Me: Oooh... We're halfway there! (Song lyric opener)
Her: Halfway to where? (I tend to get this response quite a bit for that lyric)
Me: Halfway to a second date :) up to you how we get there ___ (Thought this was a good way to be direct)
Her: Second? We haven't even had a first have we? (Kinda thought I was done there lol)
Me: Planning ahead. I work fast ___ wasting time with a girl that's caught my eye as easily as you have, is not the best idea in anyones book. (Edited a bit colt's guide here, just wanted to keep her interested.)
Her: It's ok you can slow down haha i'm not in any rush.
Me: Ok I'll slow it down for you. What's your story Sam? (Again bit of Colt's guide)
Her: Well for the past 20 years and a bit I've been inhaling and exhaling air and so far I've survived :)
Me: A story without a climax then, we can work on that Sam :), we can work on that Sam ;). When you aren't focused on surviving, what do you like to do in your free time? (Thought the climax bit was good from me lol.)
Her: Hmm in my free time I like to think I'm musical and I literally love eating so much
Me: We talking instruments or singing? and the eating really doesn't show ___, you look really fit. (compliment, I think I may have done too many of those)
Her: Instruments lol I only sing in the shower. Haha I like to exercise aswell.
Me: Ahh that's great, got a lot of discipline then, could do with more of that myself. Have you ever performed in front of people ___? (compliment again but put my self down slightly aswell)
Her: Lol I don't have that much discipline. Yeah I used to perform in front of people but I don't have much time these days.
Me: Yeah daily life tends to get in the way of having fun. What got you into playing ___? (deep dive)
Her: Well it was mainly my mum telling me I had to play my instruments or I wouldn't get dinner but now I just pick it up on my own and play for fun :)
Me: You must be really good then with those motivations lol. followed by silly tinder chat line (thought now was as good a time as any for the number)
Her: Alright why not.....

For a first time properly trying to get a girl number on Tinder I though that went well. My next post after some advice on this will be the text side after me getting her number. (it's quite long don't want to overload you guys haha)
 

Bboy100

Cro-Magnon Man
Cro-Magnon Man
Joined
Jan 2, 2015
Messages
1,107
I'm not really familiar with Colt's System. The only things I know are the things he says on his Webinars. So I can't really give you too much advice on his stuff. Generally speaking, it looks like you did an ok job though. If you're getting her out on the same day/the same convo, you're probably doing ok.

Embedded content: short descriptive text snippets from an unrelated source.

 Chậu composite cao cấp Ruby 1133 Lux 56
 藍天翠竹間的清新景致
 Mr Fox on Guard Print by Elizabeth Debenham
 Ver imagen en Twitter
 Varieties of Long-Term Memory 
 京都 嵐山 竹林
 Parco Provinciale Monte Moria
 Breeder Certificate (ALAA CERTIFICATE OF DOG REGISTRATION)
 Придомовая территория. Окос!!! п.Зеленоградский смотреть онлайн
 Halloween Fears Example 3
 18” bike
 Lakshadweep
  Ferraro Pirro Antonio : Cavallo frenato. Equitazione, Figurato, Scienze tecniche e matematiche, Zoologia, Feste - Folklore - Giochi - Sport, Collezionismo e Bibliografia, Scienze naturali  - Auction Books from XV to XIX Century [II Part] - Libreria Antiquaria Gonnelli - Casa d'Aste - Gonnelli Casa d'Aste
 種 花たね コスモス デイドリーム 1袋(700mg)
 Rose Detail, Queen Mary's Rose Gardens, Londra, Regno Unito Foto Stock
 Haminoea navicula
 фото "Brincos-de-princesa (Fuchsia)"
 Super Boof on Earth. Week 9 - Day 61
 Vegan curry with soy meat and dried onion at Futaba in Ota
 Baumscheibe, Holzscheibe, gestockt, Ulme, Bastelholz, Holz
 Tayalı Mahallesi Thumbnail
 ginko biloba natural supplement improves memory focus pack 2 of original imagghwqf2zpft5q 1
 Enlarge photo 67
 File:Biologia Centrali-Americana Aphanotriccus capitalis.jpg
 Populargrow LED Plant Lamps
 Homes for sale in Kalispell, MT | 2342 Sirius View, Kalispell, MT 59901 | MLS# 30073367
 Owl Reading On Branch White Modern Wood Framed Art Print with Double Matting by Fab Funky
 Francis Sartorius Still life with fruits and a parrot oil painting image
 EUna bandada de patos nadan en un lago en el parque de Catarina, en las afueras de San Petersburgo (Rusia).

As for your dates, I wouldn't worry about actually pulling them home for a LONG time.
https://www.girlschase.com/content/how-g ... king-girls

In that article, Chase talks about setting goals when you go out. Its no different when going on a date. Expecting to close consistently when you're still new to this is suicide. What you need to worry about (after you figure out your sticking points) is specific parts of seduction. Ex. Hold a better convo, move faster, fundamentals, lead her, ask for compliance etc. Tbh, I wouldn't worry about the actual result of the date...ever. When I go out, I'm happy with myself if I did all the things I preemptively decided I was gonna work on. It doesn't matter whether or not I get anywhere with her. In fact, oftentimes, I'll do things which I'm well aware are likely to ruin the date for me (ex being too much of an asshole, doing things which are considered socially unacceptable or just being straight up weird). The reason for this is that I need to see what I truly can and can't get away with (a lot of the things we assume will ruin interactions actually end up spiking attraction and moving them forward).

Once you master these types of things, first date lays will start coming to you pretty naturally.